TONY OURSLER
Lehmann Maupin, New York
By Joyce Korotkin
Documenting the history of technology as well as deconstructing the nature of the illusions he creates with it, Tony Oursler's drawings read like a diary of collected thoughts. Originating from the artist's research for his surreal sculptural installations, they begin with the "Mimetic" series—images of projectors and cameras, in colors like lime green and shocking pink, that progress into analyses of the components of perceptual illusions and their transmitters. Through a focus on the schematics of technology, the artist integrates text and code into works like Blue Brain, in which data emits from the brain, itself both a transmitter and receiver. Metaphysical inquiries are explored in images of objects that function as media for mimesis, such as Bad Doll or a ventriloquist's dummy.
Spanning a range from figurative to abstract and expressionist to boldly graphic, the works coalesce through subject matter into a cohesive thesis, one that breaks down process to see how things work, as in the silhouetted antennas of Good Job or the static of Live Broadcast. Pattern America incorporates all of Oursler's concerns, with its encoded map, superimposed text regarding wavelengths, and blue-faced wizard in crimson robes—perhaps the artist's alter ego? Like a mischievous Wizard of Oz, Oursler pulls the curtain of his own illusions aside as if to say, "See? It's nothing but smoke and mirrors."
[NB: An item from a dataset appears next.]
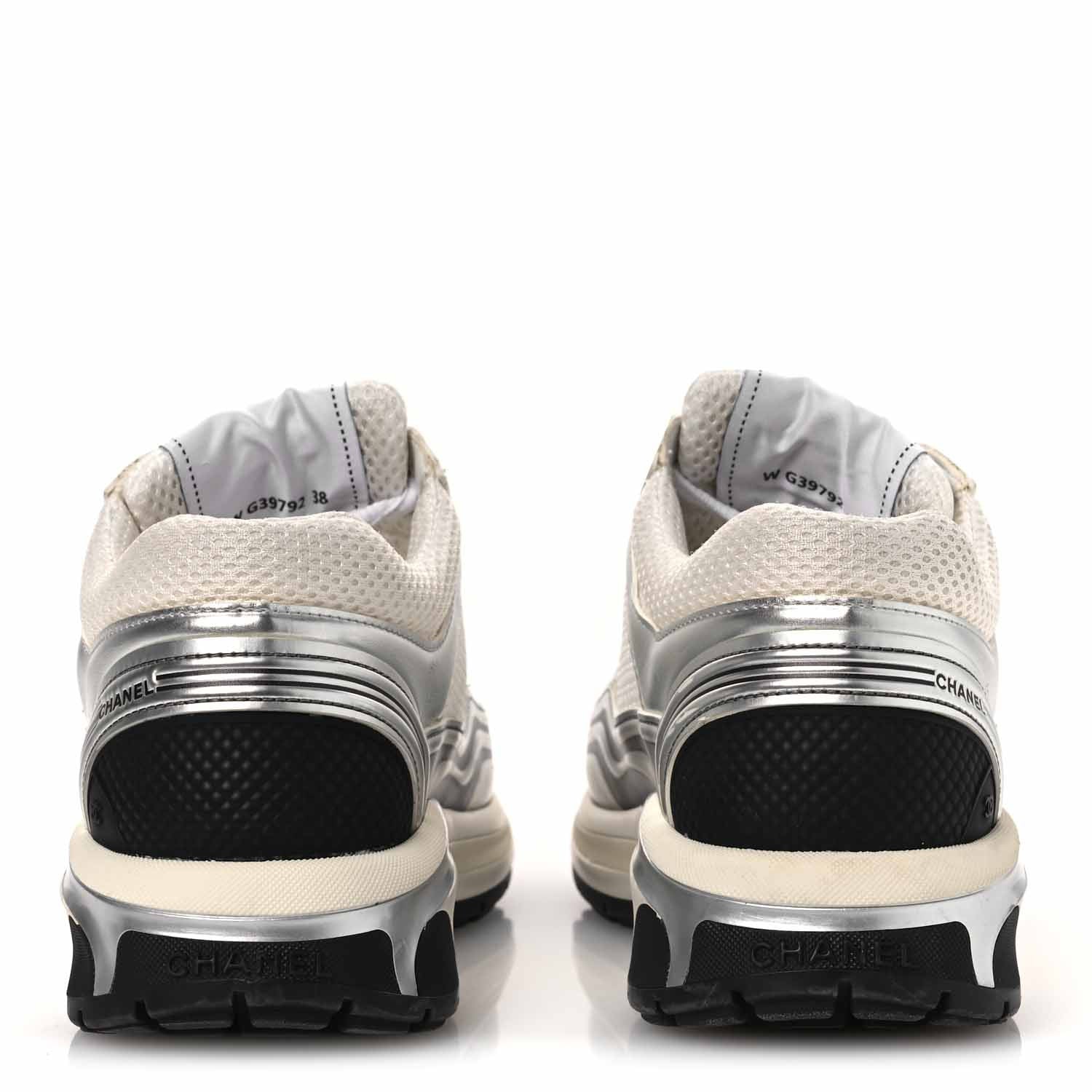 Chanel Fabric Laminated Calfskin Stretch CC Sneakers 38 White Silver 6 of 13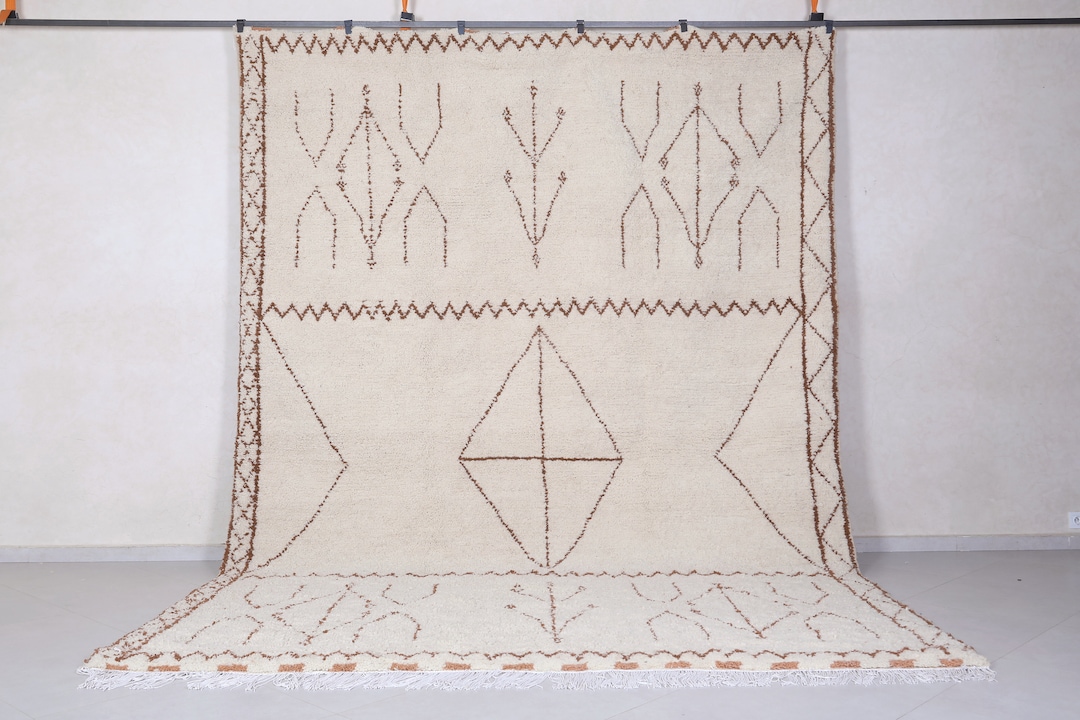 Moroccan Ivory Rug - Beni Ourain Rug - All Wool Berber Rug - Custom ...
But is it? As Picasso once articulated, art is a lie that tells the truth. Oursler leaves truth— such as video projectors—in full view. The equipment belies the illusions it creates. Meaning lies somewhere between process and magical image. Oursler's real magic, however, lies in transcendent results rather than the sorcery of his means. His installations suspend the viewer between awe inspired by cutting-edge technologies and expressive angst. In arcane illusions and in his trademark parhos, Oursler makes viewers laugh and cry in the same gasp of amazement while leading them straight into the dark heart of human fragility. Contrasting illusions with truth, the artist lays bare his ruminations on technology, adding yet another layer of complexity to his oeuvre.